Google has taken a rather bold stand against the Chinese government:
Google Inc. defied the Chinese government by saying it will end self-censorship of its search engine and may quit the world’s largest Internet market after attacks on e-mail accounts of human-rights activists.A series of “highly sophisticated” attacks on Google and at least 20 other companies last month, as well as limits on free speech, led to the decision, Google said in a statement on its Web log. Images of the 1989 Tiananmen Square crackdown were among previously censored results visible on Google.cn today...
Meanwhile, China has expressed strong opposition against recent U.S. arms sales to Taiwan - a territory formerly under China's control:
...Communist-ruled China split with Taiwan amid civil war in 1949 and continues to regard the self-governing democracy as part of its territory.

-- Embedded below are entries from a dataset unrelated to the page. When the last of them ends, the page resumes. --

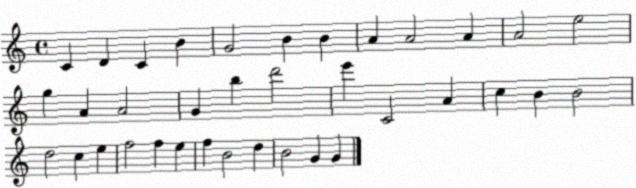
X:1
T:Untitled
M:4/4
L:1/4
K:C
C D C B G2 B B A A2 A A2 e2 g A A2 G b d'2 e' C2 A c B B2 d2 c e f2 f e f B2 d B2 G G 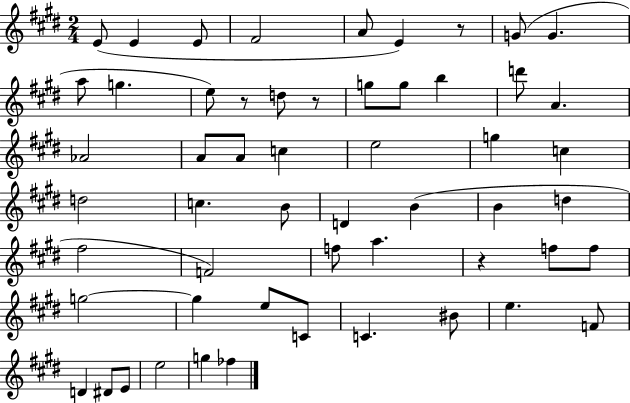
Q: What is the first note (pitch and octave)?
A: E4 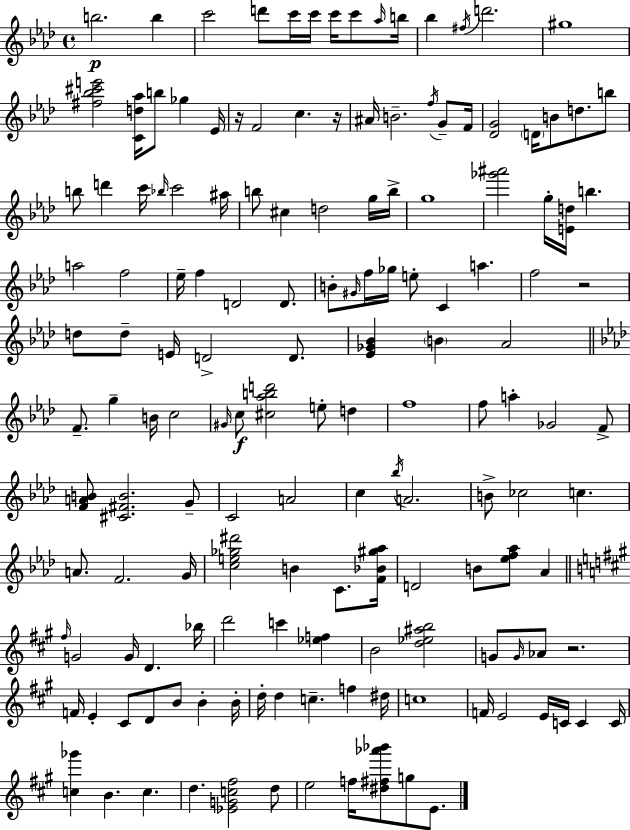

...In recent weeks, the United States awarded a $969 million contract to Lockheed Martin for the provision of 263 PAC-3 air defense missiles to Taiwan and a $1.1 billion contract to Raytheon Co. for production of the Patriot Air and Missile Defense System for Taiwan.
...China responded to the last U.S. arms offer by rejecting Hong Kong port calls by the USS Kitty Hawk and other American ships in November 2007.
Monday, the Chinese's tested their missile-defense system and shot down one missile with another to show they mean business and show their growing military strength.
China has 1,100 missiles aimed at Taiwan.